Exploration and field development in the largest continuous shale oil play in the Lower 48 states, the Bakken Shale in North Dakota and Montana, will be guided by new geo-models developed with funding from the Department of Energy’s Office of Fossil Energy (FE).

The three-year project to develop the exploration and reservoir models for the Bakken play was conducted by the Colorado School of Mines (CSM) through research funded by FE’s Oil and Natural Gas Program. A consortium of 29 companies, mainly independents, already is using the project’s findings to further develop the Bakken.

The U.S. Geological Survey has estimated that the Bakken contains 3.65 billion bbl of oil and 1.85 Tcf natural gas that can be recovered using current technologies.

CSM has integrated information about rock physics, the formation’s rock strata, and seismic, fracture and thermal maturity data — all complied during the course of the project — into a series of reports that could be used as an exploration model to predict high-potential fairways and traps for the Bakken hydrocarbon system.

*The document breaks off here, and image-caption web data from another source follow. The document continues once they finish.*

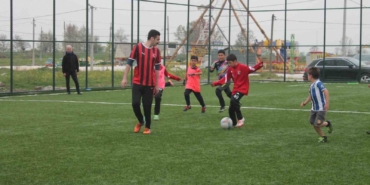 Kaymakam Bayram ilkokul öğrencileri ile halı saha maçı yaptı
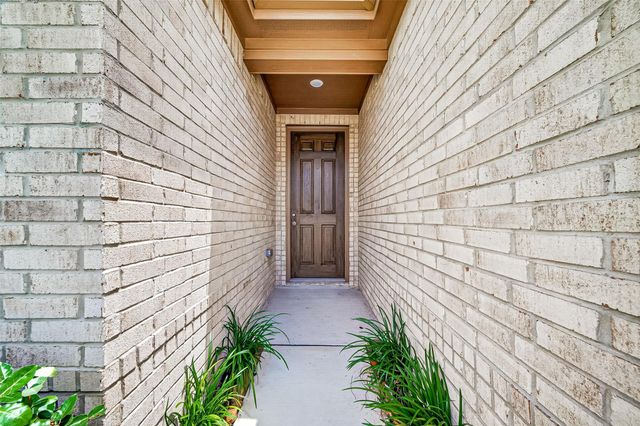 12602 Blue Jay Cove Lane, Houston, TX 77044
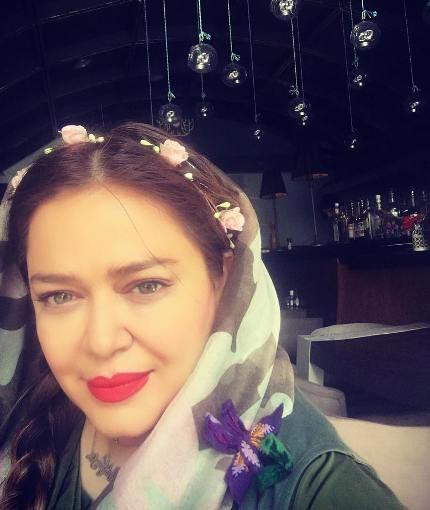 بهاره رهنما و کافه رستوران گوزن او (عکس)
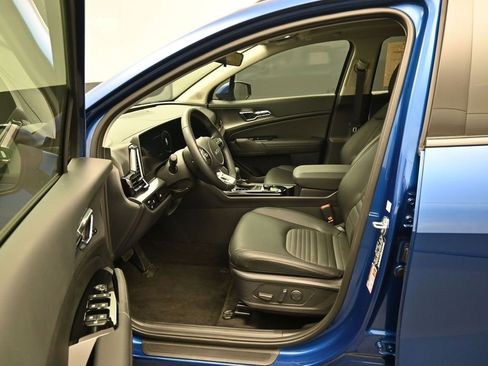 Used 2025 Kia Sportage SX image 9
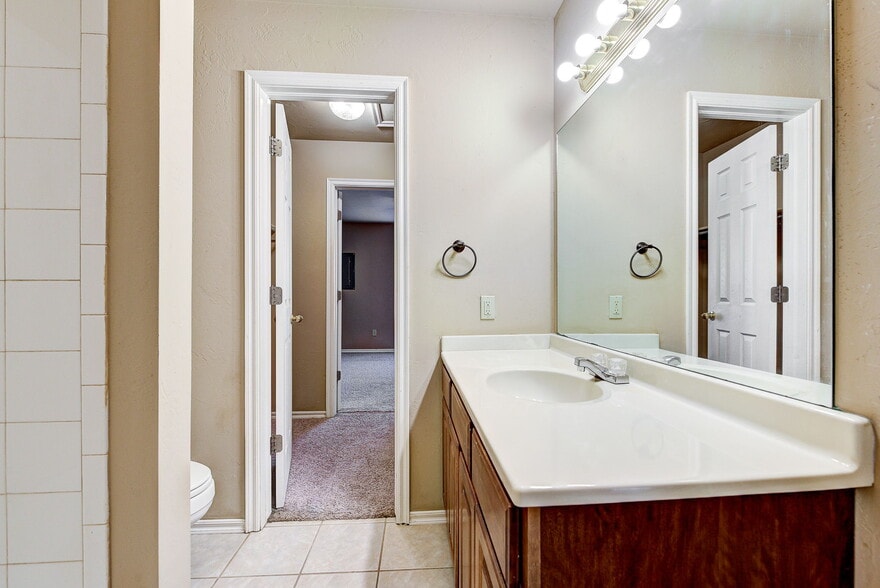 More Photos Of 713 S Locust St, Guthrie Apartments For Sale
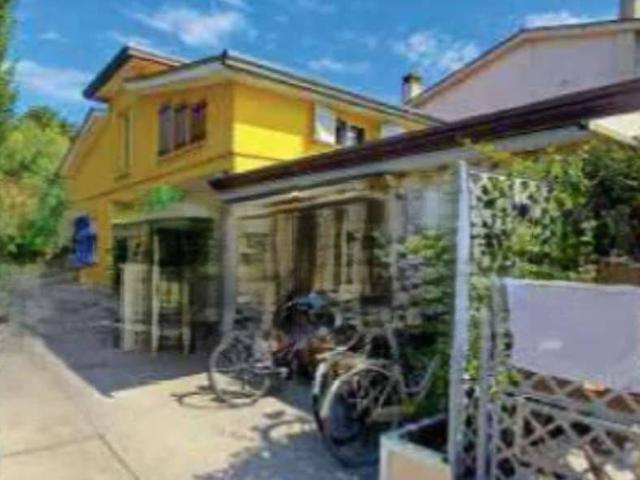 Casa indipendente in vendita a Carmignano di Brenta PD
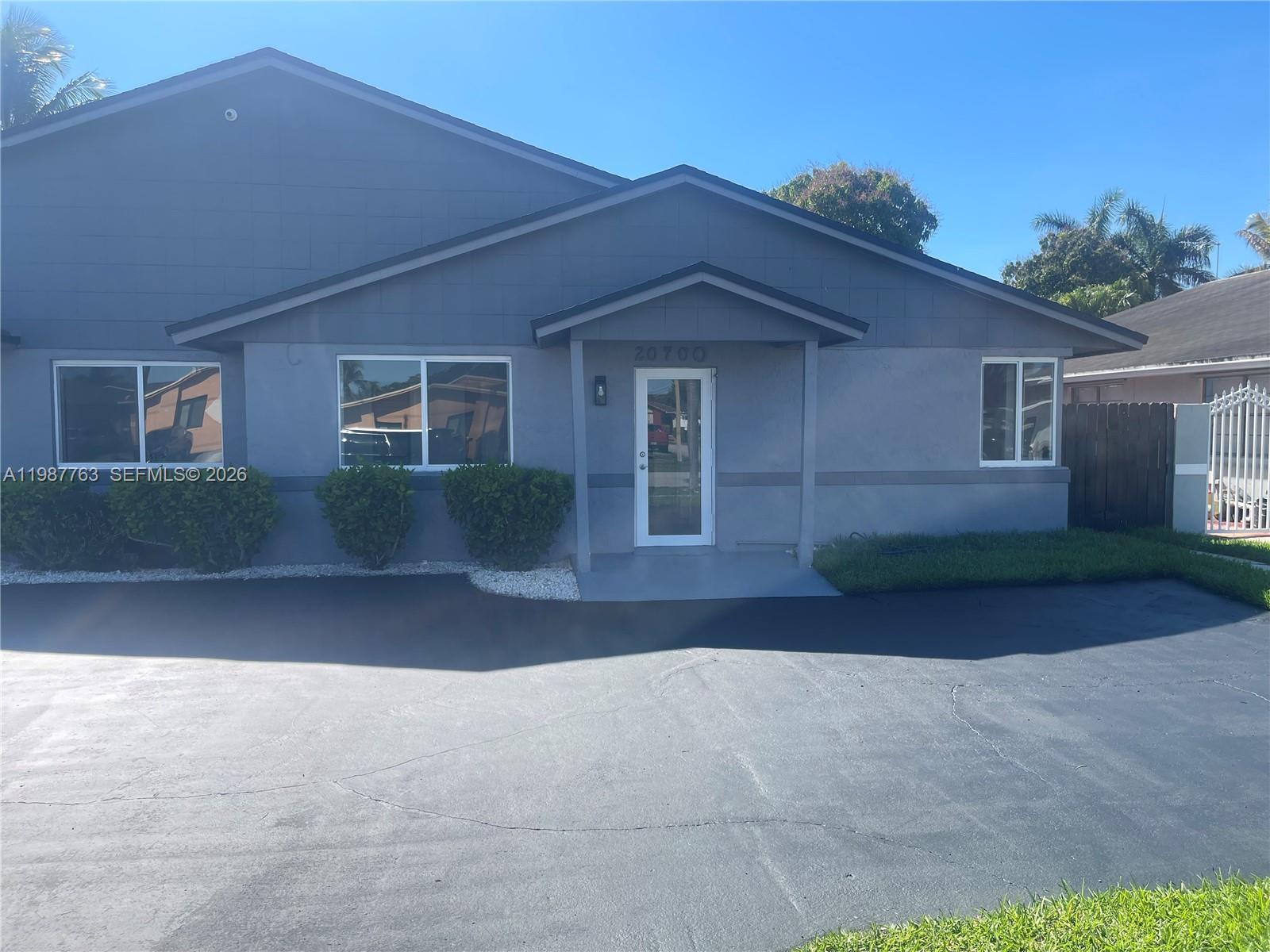 20700 SW 122nd Ave, Miami FL 33177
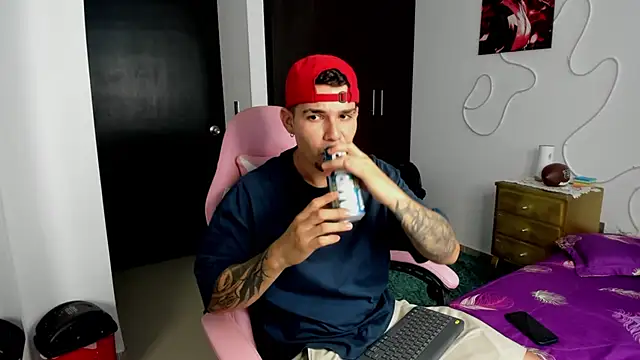 Snapshot of BooyHott_ chatting on October 2025 07:22:02 PM BooyHott online show from October 2025 07:22:02 PM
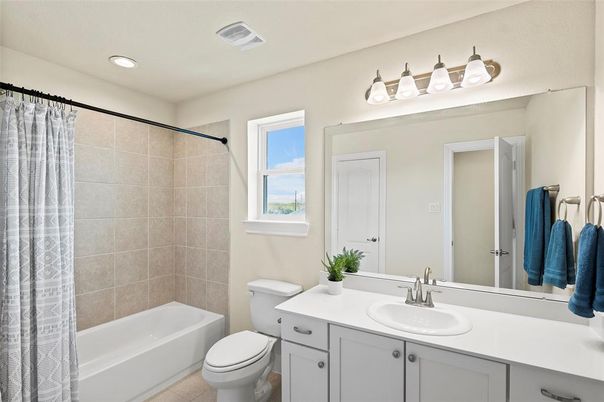 Bathroom, Interior, Recessed Lighting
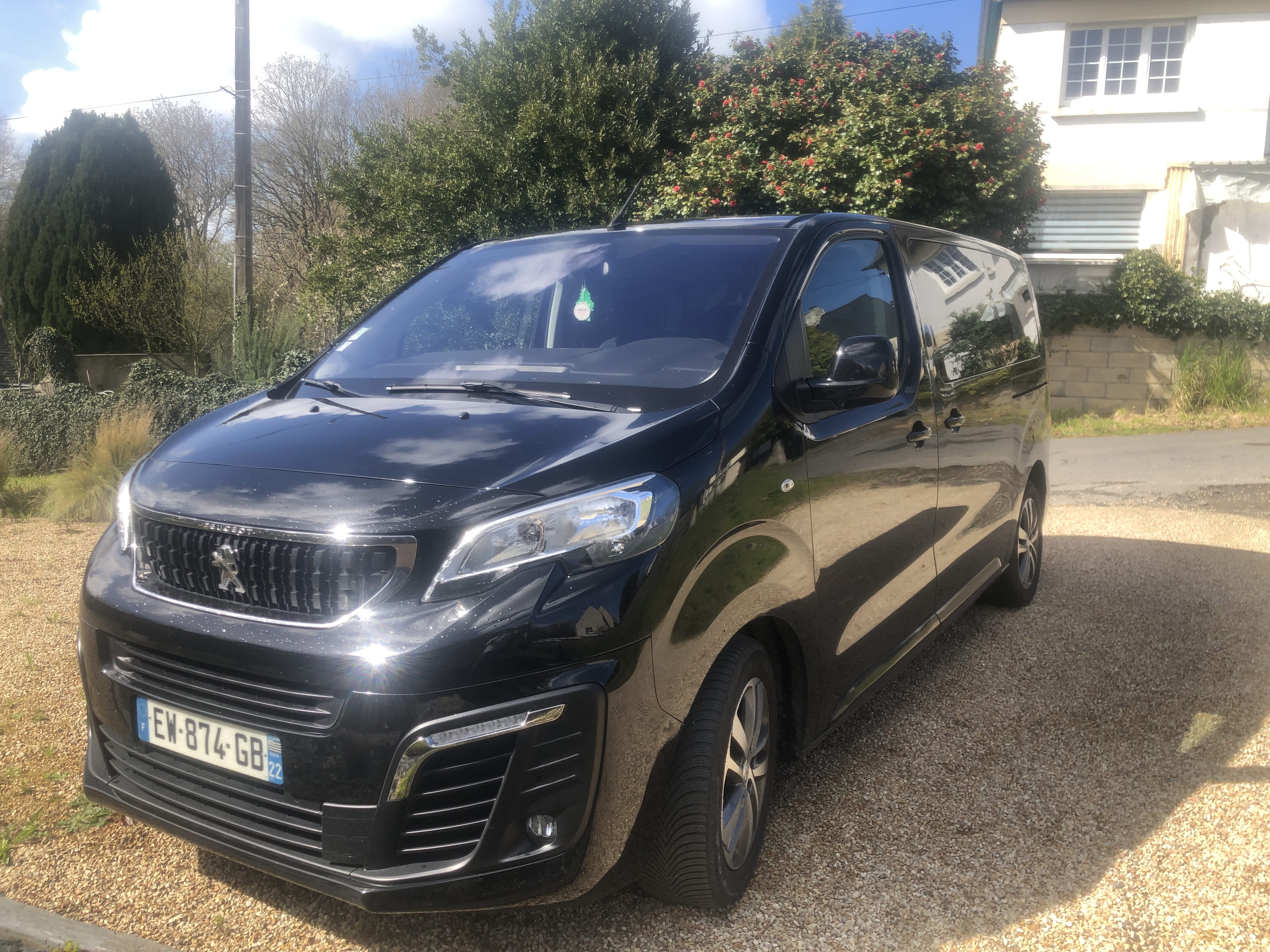 Peugeot Traveller, 2018, Diesel, 8 places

CSM also developed a second 3-D reservoir geo-model, which was built using data from the Elm Coulee Field in Richland County, MT, in the western portion of the Williston Basin. The Elm Coulee is the largest producing oilfield in the basin. More than 350 horizontal wells have been drilled in the field since the initial horizontal well was drilled in 2000, FE said.

In Elm Coulee wells, the primary oil recovery is only 5-10%. “This poor primary recovery makes Elm Coulee an excellent candidate for secondary oil recovery, in which pressure is applied to force the oil from the reservoir,” FE noted.